Apart from the pictures, return every line of the listing exactly.

▶ **DATA EXCERPT**:
= = =
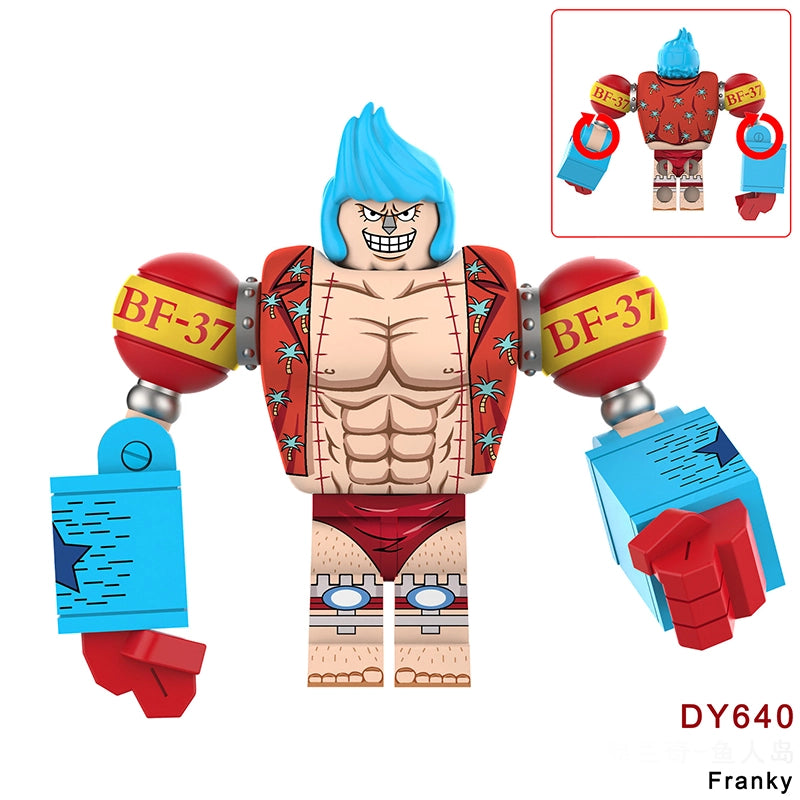 DY640-DY641 One Piece Series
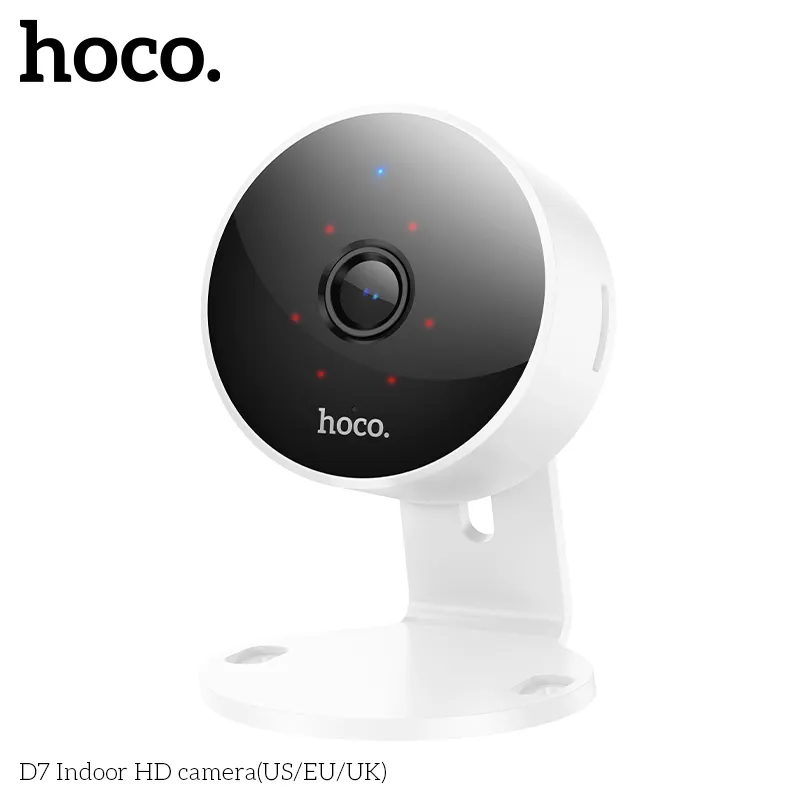 Camera Hoco D7 tính năng Full HD 2560x1440P rõ nét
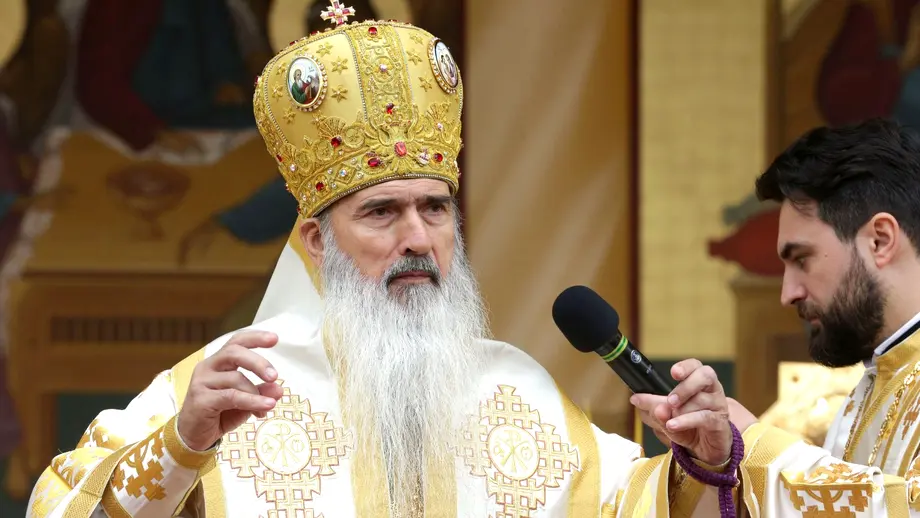 ÎPS Teodosie, sancționat de Mitropolie. Ce drepturi i-au fost retrase arhiepiscopului Tomisului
= = =
▶ **SOLUTION TO THIS TASK**:
 DY640-DY641 One Piece Series
 Camera Hoco D7 tính năng Full HD 2560x1440P rõ nét
 ÎPS Teodosie, sancționat de Mitropolie. Ce drepturi i-au fost retrase arhiepiscopului Tomisului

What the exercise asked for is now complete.